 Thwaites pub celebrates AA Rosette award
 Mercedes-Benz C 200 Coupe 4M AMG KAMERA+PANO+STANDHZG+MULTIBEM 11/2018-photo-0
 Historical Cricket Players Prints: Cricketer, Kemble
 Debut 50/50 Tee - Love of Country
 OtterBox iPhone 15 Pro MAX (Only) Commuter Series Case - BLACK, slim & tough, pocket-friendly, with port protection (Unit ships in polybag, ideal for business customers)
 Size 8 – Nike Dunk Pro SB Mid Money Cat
==================================================
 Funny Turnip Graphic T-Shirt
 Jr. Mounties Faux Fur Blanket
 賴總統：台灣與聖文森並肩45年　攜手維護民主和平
==================================================
**Exercise objective:**
Set down precisely the lines above between the line holding "OtterBox iPhone 15" and the line holding "Size 8 – Nike Dunk Pro SB Mid Money Cat", inclusive, and nothing beyond them.

**Response for this exercise:**
 OtterBox iPhone 15 Pro MAX (Only) Commuter Series Case - BLACK, slim & tough, pocket-friendly, with port protection (Unit ships in polybag, ideal for business customers)
 Size 8 – Nike Dunk Pro SB Mid Money Cat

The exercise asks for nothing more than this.